Allium Christophii, sometimes called the Star of Persia, is one of the most spectacular members of the allium family. Its flower head is less densely packed than most but this is more than made up for by the perfection of its star-shaped pink-purple blooms which generally appear in June. (Actually I have no idea why I say that; in 2014 they were out in May and in 2012 and 2013 they were held back by the spring and flowered in July. So take June as an average...).
Whenever it flowers however, Allium Christophii is a joy to behold it is certainly one of the most noticeable members of our wide range of allium bulbs.
As its nickname suggests, the Star of Persia's individual flowers create a star like effect as they surround a green-jewelled centre - it is probably this characteristic that earned it an RHS Award of Garden Merit. Each flower is made up of five long delicate thin petals which looked at end-on make the shape of a star. As some umbel heads can contain up to 80 individual star-shaped flowers you could say that Allium Christophii is a starburst of stars.
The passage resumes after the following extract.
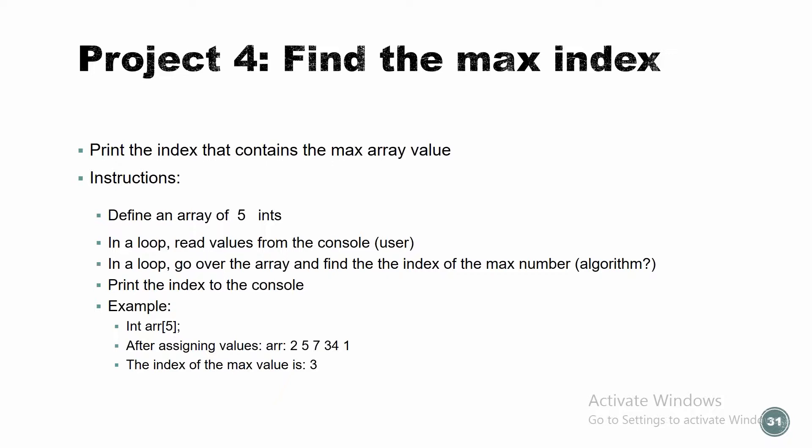Define an array of five ints. In a loop, read values from the console, from the user. This is just a suggestion - you can just initialize it, but I suggest to do it through the user because it's more practice. In a loop, go over the array and find the index of the maximum number, and print the index to the console. Let's see an example. Here is an array. After assigning values, we have two, five, seven, 30, one. Which number is the biggest? 34. And the location of it is index three, so we're going to print out three.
The pompom-esque umbels are often described as looking like fireworks, with the large heads being as much as 8 inches wide. And when the flowers have passed they are followed by attractive seed heads.
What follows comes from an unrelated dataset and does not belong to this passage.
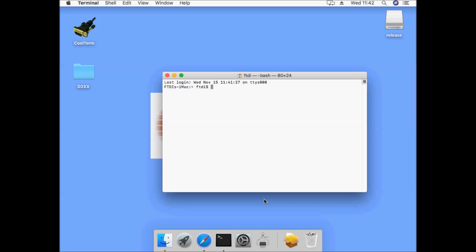From here we can open the terminal utility and navigate to the installation folder users local lib. If it doesn't exist we can create this folder and then navigate to it.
This is a shorter variety of allium (with 60cm stems), and it tends to flowers slightly later than most other alliums producing colour when its cousins have finished blooming. It is best planted between other herbaceous plants, as its grey/green strap shaped leaves wither before it flowers.
Christophii is ideal for informal gardens, but because it takes up very little space it works well in flower borders and beds as well as in gravel or rock gardens. Allowed to naturalise and self-seed, they will grow in impressive clumps.
Allium Christophii has many names and is one of the oldest specimen alliums. First collected in Persia by the Russian diplomat Bode, it was originally named Allium bodeanum after him. It now takes its name from the first herbarium specimen which was collected by Eugenius Johann Christoph Esper, a German entomologist in 1883.
It can also be referred to as allium albopilosum, after the fringe of white hairs that appear on the edges of its leaves. As well as attracting bees, butterflies and birds, it offers interest outside the garden, as it is brilliant both as a fresh cut flower and in dried flower arrangements.